À primeira vista, é uma casa como dezenas de outras nas populosas favelas do Brasil. Mas esta residência aparentemente modesta de 66 metros quadrados (710 pés quadrados), com suas paredes de tijolos aparentes, acaba de ser reconhecida como a “casa do ano” em um concurso internacional de arquitetura.
A casa homenageada pelo site especializado ArchDaily pertence a Kdu dos Anjos, um artista de 32 anos que mora na movimentada favela do Aglomerado da Serra, no sopé de um morro na periferia de Belo Horizonte.
A estrutura de dois andares derrotou algumas inscrições de concursos mais imponentes da Índia, México, Vietnã e Alemanha.

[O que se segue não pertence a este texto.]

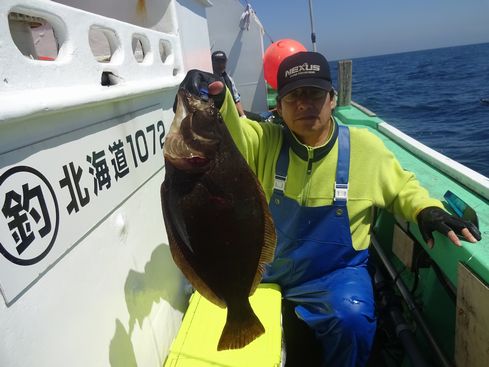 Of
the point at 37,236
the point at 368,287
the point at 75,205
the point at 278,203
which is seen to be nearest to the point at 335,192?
the point at 278,203

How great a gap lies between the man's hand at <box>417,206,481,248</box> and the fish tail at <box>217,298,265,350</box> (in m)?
1.23

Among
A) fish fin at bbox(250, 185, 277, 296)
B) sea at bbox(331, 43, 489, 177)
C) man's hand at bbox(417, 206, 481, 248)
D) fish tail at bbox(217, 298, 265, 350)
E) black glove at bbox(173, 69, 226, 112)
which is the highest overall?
black glove at bbox(173, 69, 226, 112)

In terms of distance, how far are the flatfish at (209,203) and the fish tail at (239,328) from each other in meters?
0.11

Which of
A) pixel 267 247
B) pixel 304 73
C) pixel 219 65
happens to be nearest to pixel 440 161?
pixel 304 73

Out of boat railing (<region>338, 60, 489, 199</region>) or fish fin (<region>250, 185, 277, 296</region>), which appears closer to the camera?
fish fin (<region>250, 185, 277, 296</region>)

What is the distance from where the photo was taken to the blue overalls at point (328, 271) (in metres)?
2.14

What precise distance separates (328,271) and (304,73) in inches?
54.0

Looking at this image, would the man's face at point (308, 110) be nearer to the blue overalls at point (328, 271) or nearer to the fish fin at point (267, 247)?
the blue overalls at point (328, 271)

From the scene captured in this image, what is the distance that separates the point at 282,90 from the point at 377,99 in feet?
61.5

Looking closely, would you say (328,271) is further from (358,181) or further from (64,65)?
(64,65)

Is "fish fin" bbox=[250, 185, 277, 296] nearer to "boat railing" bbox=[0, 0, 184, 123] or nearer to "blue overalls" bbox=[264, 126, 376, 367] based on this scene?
"blue overalls" bbox=[264, 126, 376, 367]

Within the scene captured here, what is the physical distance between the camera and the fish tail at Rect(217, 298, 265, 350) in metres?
1.65

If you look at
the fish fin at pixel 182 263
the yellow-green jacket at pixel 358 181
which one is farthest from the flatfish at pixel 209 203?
the yellow-green jacket at pixel 358 181

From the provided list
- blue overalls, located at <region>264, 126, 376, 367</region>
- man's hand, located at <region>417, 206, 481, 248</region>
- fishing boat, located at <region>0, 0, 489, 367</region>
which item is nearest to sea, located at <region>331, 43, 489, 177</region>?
fishing boat, located at <region>0, 0, 489, 367</region> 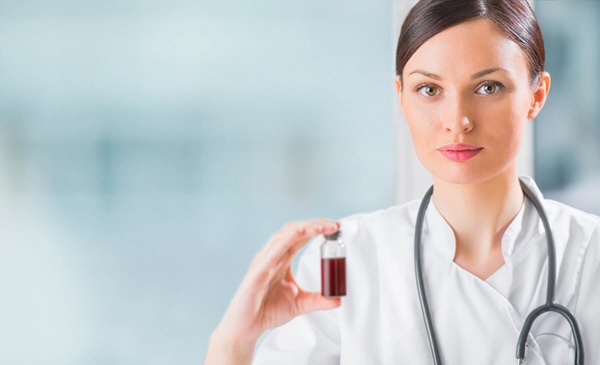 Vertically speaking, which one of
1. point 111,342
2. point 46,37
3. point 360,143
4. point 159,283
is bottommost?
point 111,342

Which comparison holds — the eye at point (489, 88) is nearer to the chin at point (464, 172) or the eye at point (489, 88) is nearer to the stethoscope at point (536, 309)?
the chin at point (464, 172)

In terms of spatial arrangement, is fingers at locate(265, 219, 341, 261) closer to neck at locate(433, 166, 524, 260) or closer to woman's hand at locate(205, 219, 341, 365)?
woman's hand at locate(205, 219, 341, 365)

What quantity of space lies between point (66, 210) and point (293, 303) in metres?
1.06

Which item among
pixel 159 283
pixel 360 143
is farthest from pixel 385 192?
pixel 159 283

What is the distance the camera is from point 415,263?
128cm

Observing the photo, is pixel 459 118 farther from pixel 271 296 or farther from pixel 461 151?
pixel 271 296

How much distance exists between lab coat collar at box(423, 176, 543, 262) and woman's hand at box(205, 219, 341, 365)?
0.29 metres

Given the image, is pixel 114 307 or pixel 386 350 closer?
pixel 386 350

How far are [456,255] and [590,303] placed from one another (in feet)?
0.88

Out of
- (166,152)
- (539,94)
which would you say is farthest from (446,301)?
(166,152)

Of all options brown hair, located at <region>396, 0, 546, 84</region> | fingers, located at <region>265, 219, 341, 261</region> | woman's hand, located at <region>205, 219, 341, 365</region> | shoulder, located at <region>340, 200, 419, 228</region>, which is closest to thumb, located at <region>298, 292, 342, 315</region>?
woman's hand, located at <region>205, 219, 341, 365</region>

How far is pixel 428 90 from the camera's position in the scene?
1263mm

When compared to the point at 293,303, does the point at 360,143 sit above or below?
above

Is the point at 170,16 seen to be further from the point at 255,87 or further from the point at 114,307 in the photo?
the point at 114,307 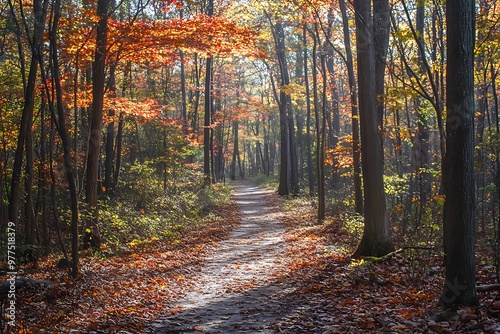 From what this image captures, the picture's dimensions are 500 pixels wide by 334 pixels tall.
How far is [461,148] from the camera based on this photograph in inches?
178

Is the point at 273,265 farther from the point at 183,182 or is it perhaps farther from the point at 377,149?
the point at 183,182

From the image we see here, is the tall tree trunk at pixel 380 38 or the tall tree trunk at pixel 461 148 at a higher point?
the tall tree trunk at pixel 380 38

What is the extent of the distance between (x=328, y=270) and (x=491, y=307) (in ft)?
12.2

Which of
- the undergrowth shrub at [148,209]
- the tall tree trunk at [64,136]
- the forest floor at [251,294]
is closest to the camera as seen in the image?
the forest floor at [251,294]

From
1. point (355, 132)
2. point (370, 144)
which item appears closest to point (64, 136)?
point (370, 144)

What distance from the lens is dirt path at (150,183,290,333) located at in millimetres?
5641

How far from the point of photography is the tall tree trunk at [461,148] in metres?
4.50

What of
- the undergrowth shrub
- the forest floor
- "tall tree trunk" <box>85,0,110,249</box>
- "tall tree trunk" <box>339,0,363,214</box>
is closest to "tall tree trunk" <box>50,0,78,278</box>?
the forest floor

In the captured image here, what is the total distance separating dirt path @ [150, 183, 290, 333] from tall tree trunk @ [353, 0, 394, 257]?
7.55 ft

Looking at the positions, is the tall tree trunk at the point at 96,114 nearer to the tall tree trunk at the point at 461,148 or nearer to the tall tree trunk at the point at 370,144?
the tall tree trunk at the point at 370,144

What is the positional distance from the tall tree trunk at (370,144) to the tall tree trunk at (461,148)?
3.54m

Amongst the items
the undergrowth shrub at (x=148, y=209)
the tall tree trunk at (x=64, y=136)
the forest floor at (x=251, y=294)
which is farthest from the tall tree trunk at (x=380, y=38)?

“Estou muito orgulhoso de minha casa ter ganhado este prêmio, porque a maioria das notícias sobre as favelas fala de violência e casas destruídas por deslizamentos de terra”, disse dos Anjos.
“Hoje, minha casa está no topo do mundo!”
A casa, construída em um pequeno lote dos Anjos adquirido em 2017, é bem ventilada e possui muita luz natural; possui janelas de batente horizontais e um grande terraço.
“O projeto da casa representa um modelo construtivo que utiliza materiais comuns nas favelas, com implantação adequada e atenção à iluminação e ventilação, resultando em um espaço com grande qualidade ambiental”, escreveu o ArchDaily em seu site.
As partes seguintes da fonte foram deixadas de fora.